Task statement:
Your output must consist of the records printed verbatim, with the pictures excluded.

Record set:
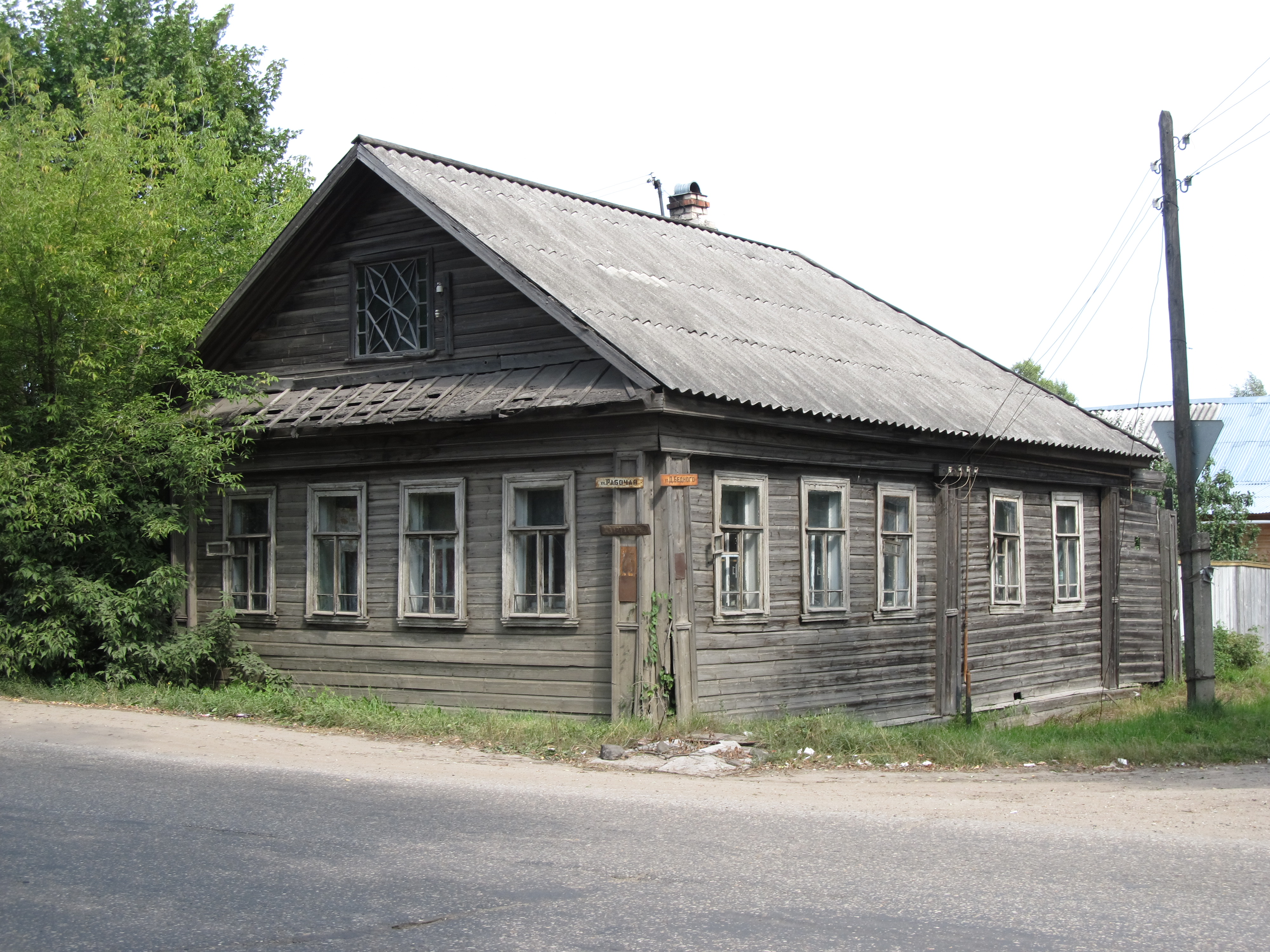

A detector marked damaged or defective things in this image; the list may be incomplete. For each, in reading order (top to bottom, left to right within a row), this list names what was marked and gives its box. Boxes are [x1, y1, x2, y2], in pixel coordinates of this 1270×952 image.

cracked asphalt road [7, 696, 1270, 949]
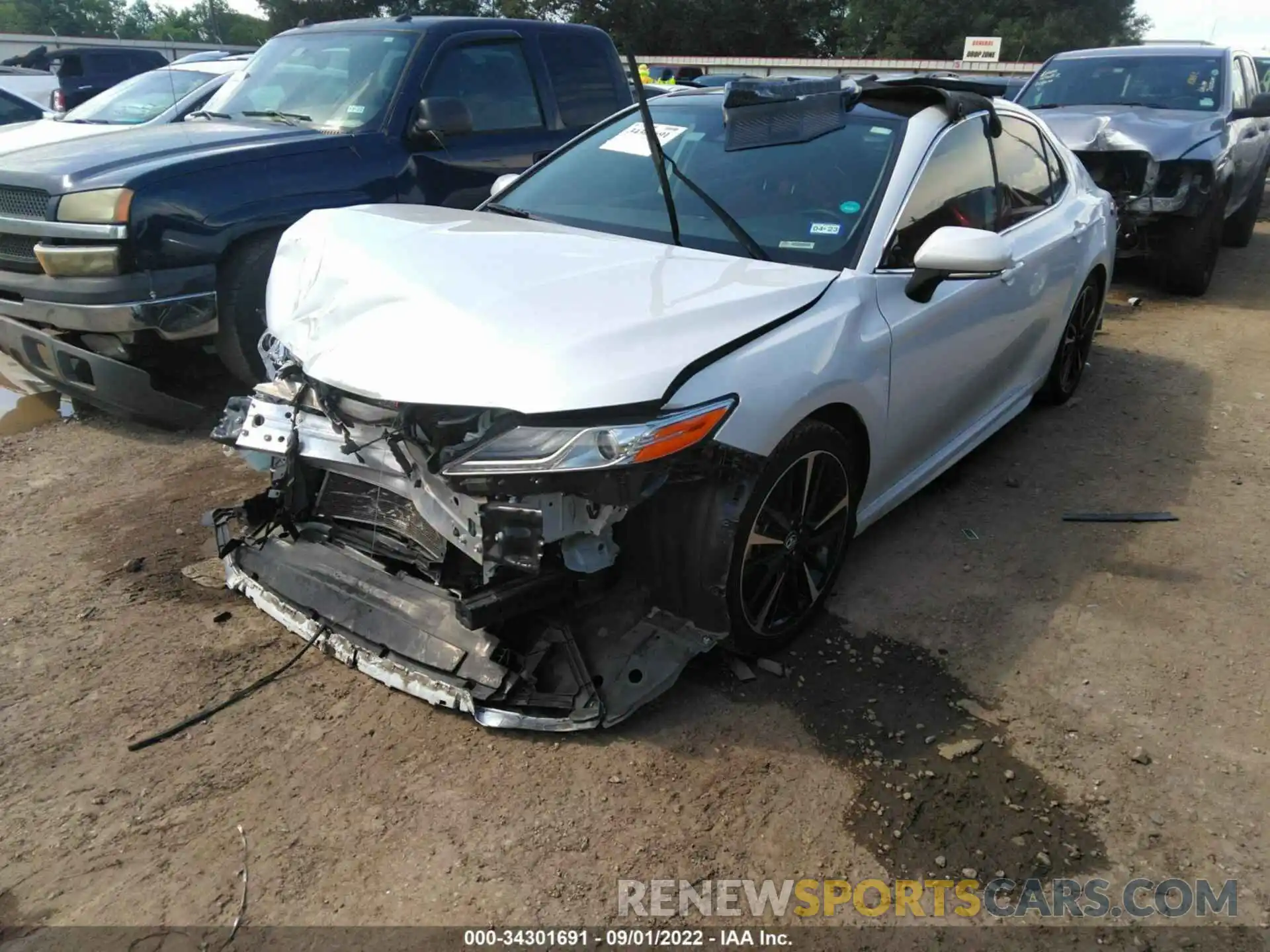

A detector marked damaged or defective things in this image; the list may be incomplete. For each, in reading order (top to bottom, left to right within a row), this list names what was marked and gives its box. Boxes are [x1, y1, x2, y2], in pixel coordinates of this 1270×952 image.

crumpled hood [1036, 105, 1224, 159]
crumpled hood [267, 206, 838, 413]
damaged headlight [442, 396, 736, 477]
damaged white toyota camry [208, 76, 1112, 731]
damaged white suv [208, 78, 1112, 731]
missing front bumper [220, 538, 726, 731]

Answer for this exercise:
A detector marked damaged or defective things in this image; the list may be incomplete. For each, in reading order (top to bottom, left to right within a row), this list names what was marked and gives its box. Boxes are [x1, y1, x2, y2], in pixel coordinates of this 1270×952 image.

cracked asphalt road [7, 696, 1270, 949]

A detector marked damaged or defective things in this image; the list may be incomplete. For each, in reading order (top to bottom, left to right within a row), this list names what was marked and gives its box. Boxes are [x1, y1, x2, y2], in pixel coordinates of this 1270×952 image.

crumpled hood [1036, 105, 1224, 159]
crumpled hood [267, 206, 838, 413]
damaged headlight [442, 396, 736, 477]
damaged white toyota camry [208, 76, 1112, 731]
damaged white suv [208, 78, 1112, 731]
missing front bumper [220, 538, 726, 731]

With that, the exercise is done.